While there are many similarities, scientists have determined one key differentiator. Crazy Apple Rumors Site has obtained a key chart from the upcoming article.

Dr. Henry Cheng of the Department said “Actually, the whole thing started as a joke, but then we got the grant money and we figured we kind of had to publish something.”

Cheng said his next research will focus on certain areas of the female anatomy.

“Totally. I mean, hey, if they’re just giving grant money away…”

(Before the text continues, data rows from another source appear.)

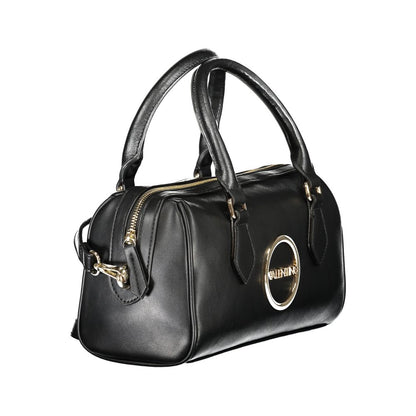 Crossbody Evening Handbag by Mario Valentino for women in polyethylene black & signature features a refined silhouette, showcasing a secure zipper, organized internal-pockets, and versatile crossbody-strap, shoulder-strap, handle & adjustable-strap for a refined finish.
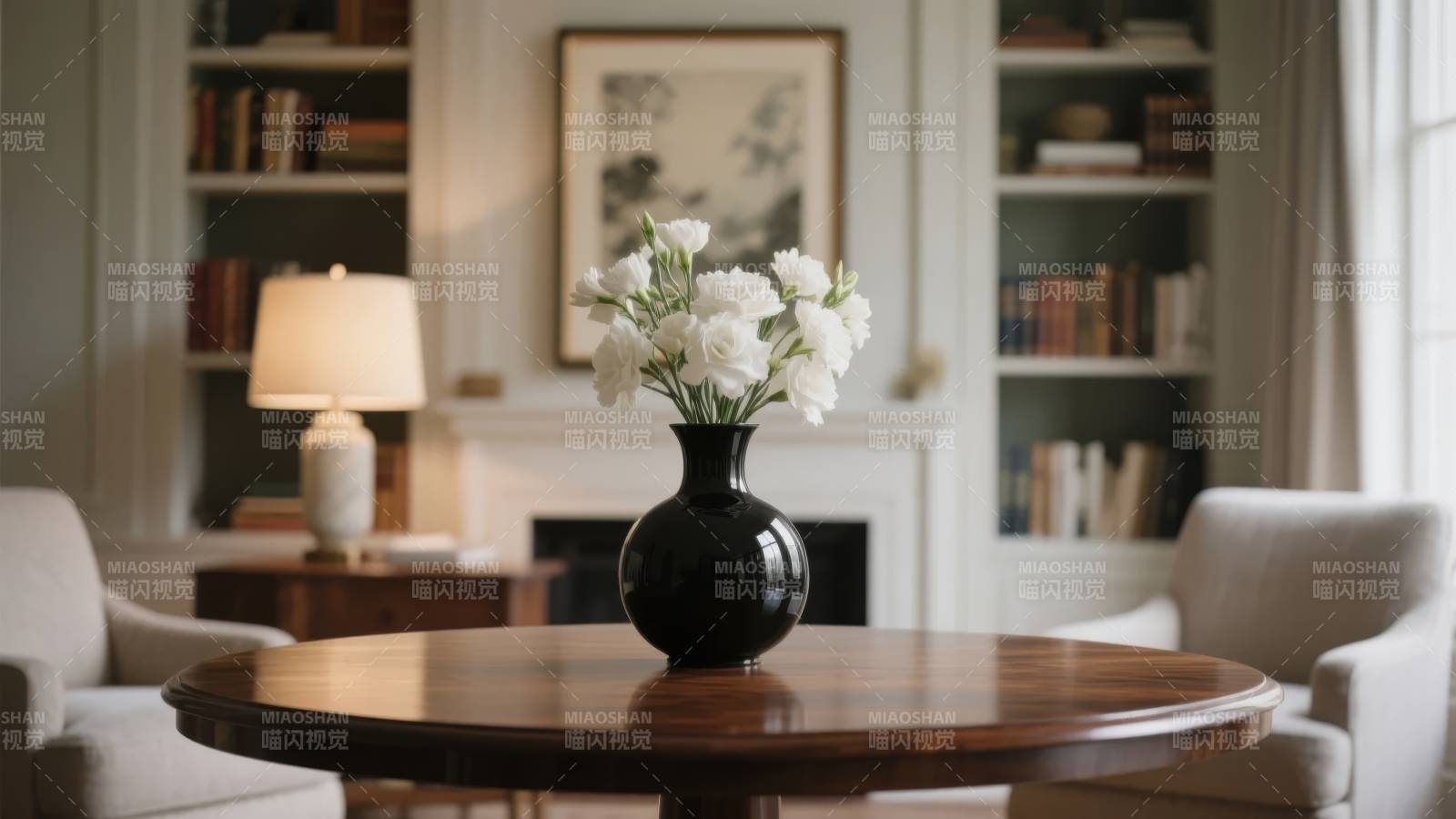 雅致客厅花艺摆设图片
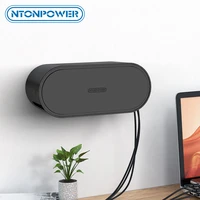 ntonpower wall mounted cable management box with child lock cable organizer case for power strip network line storage bin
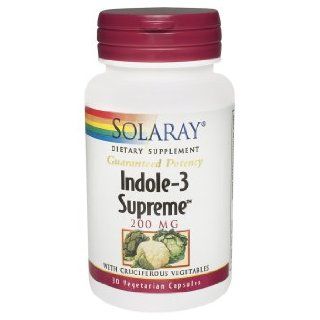 Solaray   Indole 3 Supreme, 30 veggie caps [Health and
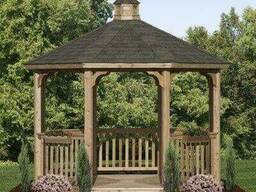 Деревянная шестигранная беседка "Стандарт"
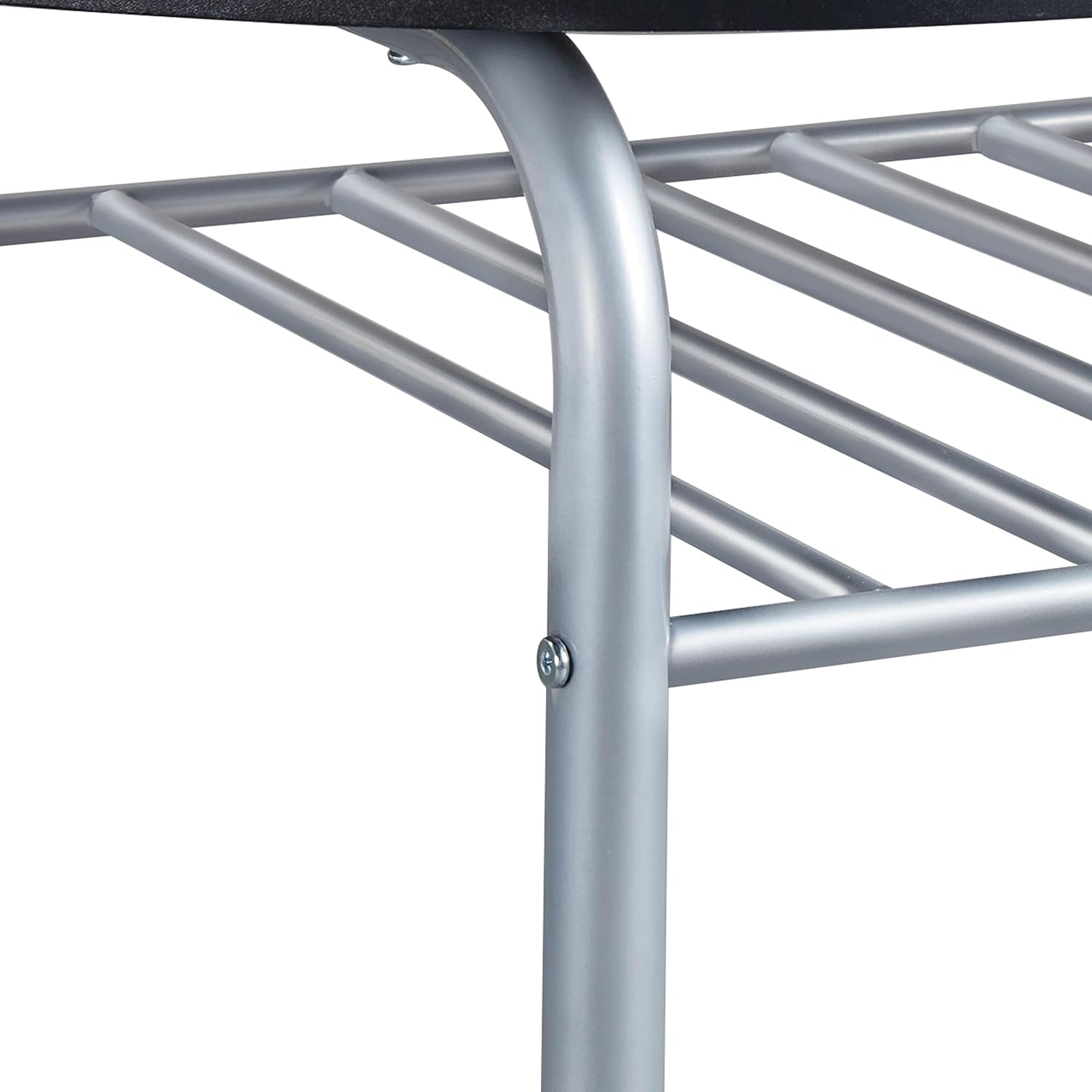 Yaheetech - Ensemble table ronde 90x53x75.5 cm - 2 chaises bois métal, porte-bouteilles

33 Responses to “The Difference Between iPods and Tribbles.”

  1. Dreil says:

    Tribbles Hate Klingons….

    And Klingons hate Tribbles

  2. redeyebase says:

    damn 3rd.

  3. ash says:

    Klingons only hate them because they’re soft and absorbent, and don’t leave and awkward and frankly kinda gross lint.

  4. 2000guitars says:

    Hey. I attract the attention of fabulous babes. And I only have belly button lint. Honest.

  5. Ace Deuce says:

    Grant owes me $20. Why is he giving it away to others?

  6. His Steveness says:

    Top10 pony…

  7. Cavey says:

    Top ten at last!!!!!

    Where is everyone?

  8. Nxxx says:

    Too lazy to google Tribble so assume they are chocolate bidets. Am I right or wrong?

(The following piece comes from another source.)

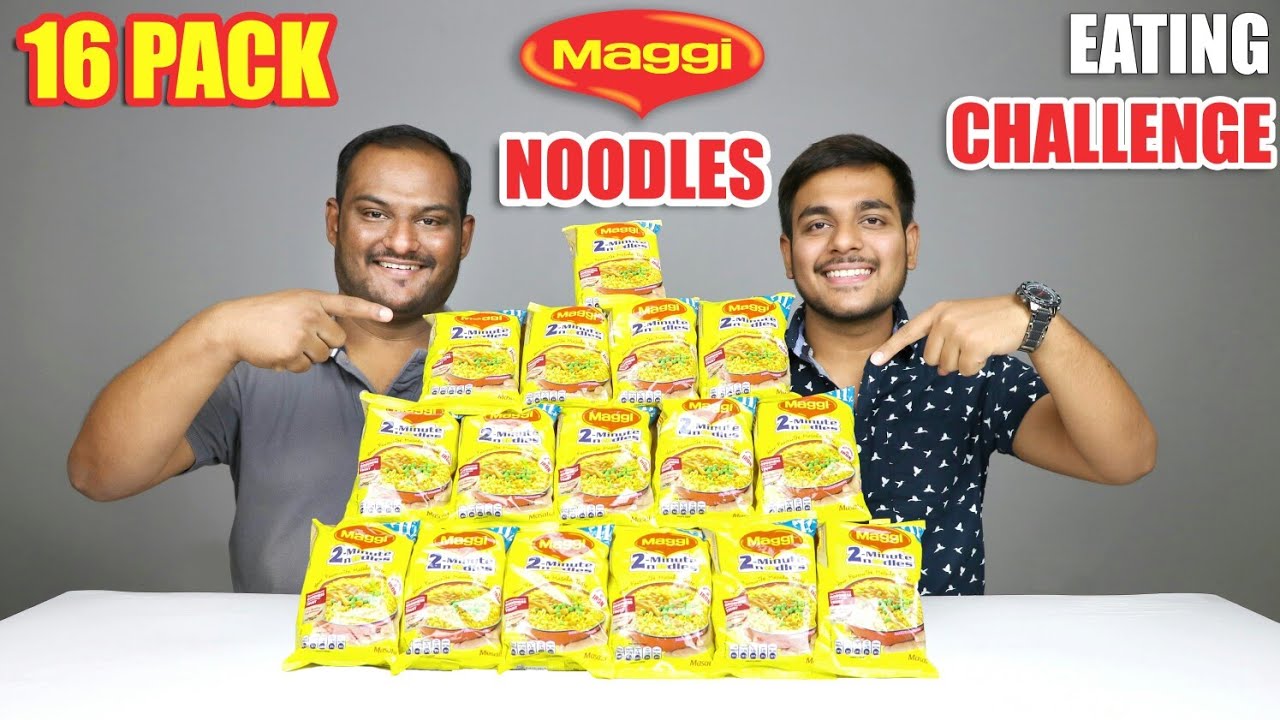16-Pack Maggi Noodles Eating Challenge 🍜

    Happy Beltane everyone.

  9. Nxxx says:

    Sorry, not appropriate to wish a Happy Beltane to those in the Southern Hemisphere.

    And eleven.

  10. Chris says:

    The trouble with tribbles is, if you feed them after midnight they turn into steve balmer clones. If these Steve Balmer clones are exposed to light, they burn up to a crisp given their white pasty complexion. Never ever get them wet, or they might install the MS version of Ubuntu on all of your computers and iPods. When they feel threatened, the scream and jump up and down like a howler monkey on a combo of speed and crack, and then pull down their pants and squirt you with their Zune’s.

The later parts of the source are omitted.